Paolo Borchia is an Italian MEP with the right-wing nationalist Identity and Democracy Group (Photo: European Parliament)
Reply by Paolo Borchia, MEP, to the article Lead energy MEP silent on gas meetings before vote published by EUobserver on 23 September.
In my capacity as shadow-rapporteur on the TEN-E file, I have worked for several months on this complex dossier along with MEPs from all the political forces of the EU Parliament.
I hereby provide my reply to the article published by EU Observer, first and foremost in order to dismiss its groundless claim that I refused, supposedly, to disclose information about alleged meetings with gas lobbyists. Such meetings have simply not taken place.
I believe furthermore that my first-hand experience may offer some relevant insights to the subject matter, while it may also help clarifying other controversial points that were made in the article itself.
I refer for example to the allegations of corruption and lack of transparency that appear in reference to the above-mentioned dealings between MEPs and lobbyists.
While I have not met with any stakeholders during my mandate as shadow-rapporteur on this dossier, still I would not be surprised at all if I learned that some of my fellow MEPs have held meetings with representatives of the gas sector, provided that such an exchange followed the normal framework expected by the institutions’ ethical standards.
As a matter of fact, dialogue between stakeholders and the EU institutions is usually a well-regulated, transparent and essential step of the legislative process.
After entering into force, legislative proposals that were negotiated in Brussels and Strasbourg may bear heavy repercussions onto several sectors of the real economy.
Thousands if not hundreds of thousands of jobs may be lost across Europe because legislators got something wrong while negotiating, while European industry may lose competitiveness overnight vis-a-vis other global players just because some policy-maker in Brussels forgot to properly factor-in data provided by the real economy.
It is therefore in the best interest of democracy that consumers’ unions, business associations and representatives of local administrations are given the right to observe legislative activities in Brussels and inform lawmakers whenever a piece of legislation may produce unexpected impacts onto a given sector.
The same rights of representation do apply to representatives of low-carbon technology-based sectors, which constitute a strategic section of European economy.
The dialogue between these stakeholders and the institutions should not, and must not, be classified as “non-transparent” or even “corrupted” merely on the grounds of natural gas’s lack of “political appeal” in some areas of the political arena.

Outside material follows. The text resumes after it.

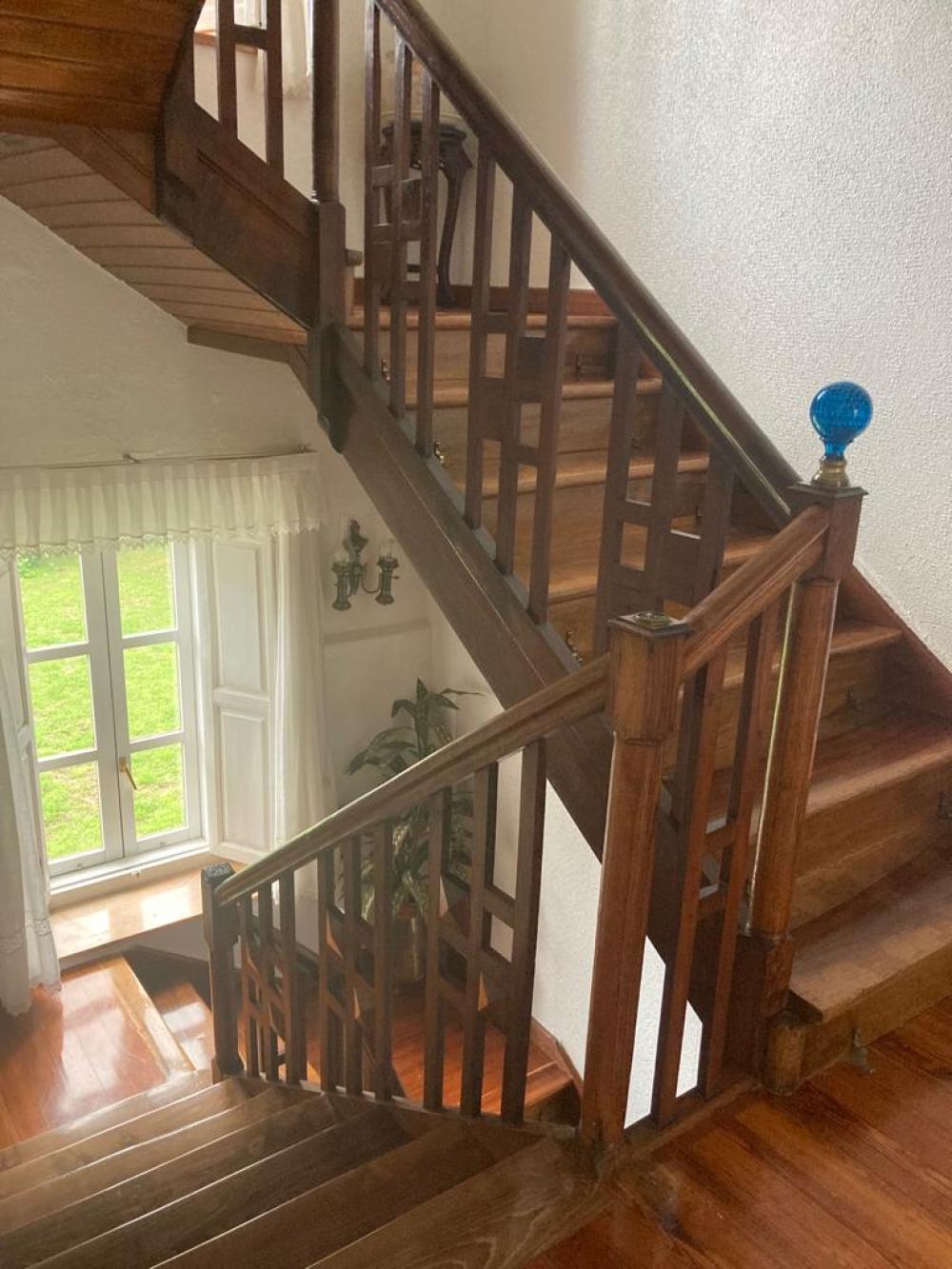  for sale house Iruz Valles Pasiegos 9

In this regard, let us consider the following:
Since the beginning of the current mandate, there has been much talk within the EU institutions about the need to move forward as quickly as possible with the reduction of greenhouse-gas emissions.

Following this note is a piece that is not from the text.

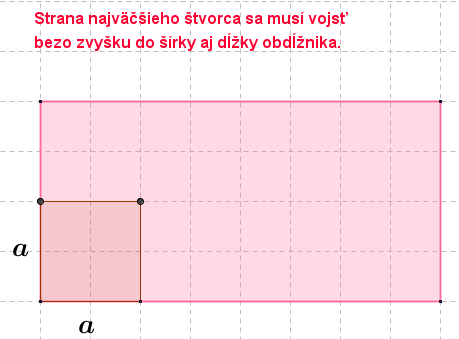 //forum.matweb.cz/upload3/img/2014-07/47781_Image%2B057.png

The Green Deal strategy was unrolled by the Commission as an encompassing instrument that would apply “green” benchmarks to virtually all legislative sectors.
This would in turn lead, or actually force, the Internal Market to suit its offer-demand capacity exclusively to climate-friendly technologies.

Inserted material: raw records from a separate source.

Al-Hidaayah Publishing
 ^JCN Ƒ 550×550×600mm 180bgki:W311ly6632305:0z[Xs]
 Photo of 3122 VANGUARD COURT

Natural gas as well as any form of low-carbon energy sources have been quickly labelled as “intruders”, whose persistence within the European industrial apparatus would disrupt efforts to reconvert the Internal Market’s economic model.
For such reasons, the European Commission proposed last year to exclude all dedicated support for oil and gas infrastructure under the TEN-E regulation – in a bid to align energy policy with its Green Deal’s objectives.
However, there are flaws within this narrative.
No matter how hard the EU Commission and some sections of the parliament push for the creation of a purely renewables-based market, the truth is that renewables have yet to produce credible solutions for key strategic sectors of our economy.
There simply cannot be an “only-renewables” internal market until technology is sufficiently developed and affordable to generate sufficient demand.
In other words, if we want to be able to purchase affordable cars and to travel by plane and ship, we have no other option at this stage than relying on low-carbon sources.
Not to mention that there are very concrete reasons to believe that the recent over-enthusiasm about the renewables’ potential has contributed to the current surge of energy prices, which is likely to be of structural rather than temporary character. And the costs of such miscalculations are falling once again upon the consumers’ and small business owners’ pockets.
The overnight removal of all forms of low-carbon energy from the internal market is therefore simply unthinkable unless we want to trigger a massive social and economic earthquake across half the Union.
Low-carbon energy constitutes an economically and technologically viable alternative of moderate environmental impact, which can therefore support a progressive energy transition according to a bottom-up timetable that takes into account the real evolutionary potential of market and technology as well as the real living necessities of European citizens.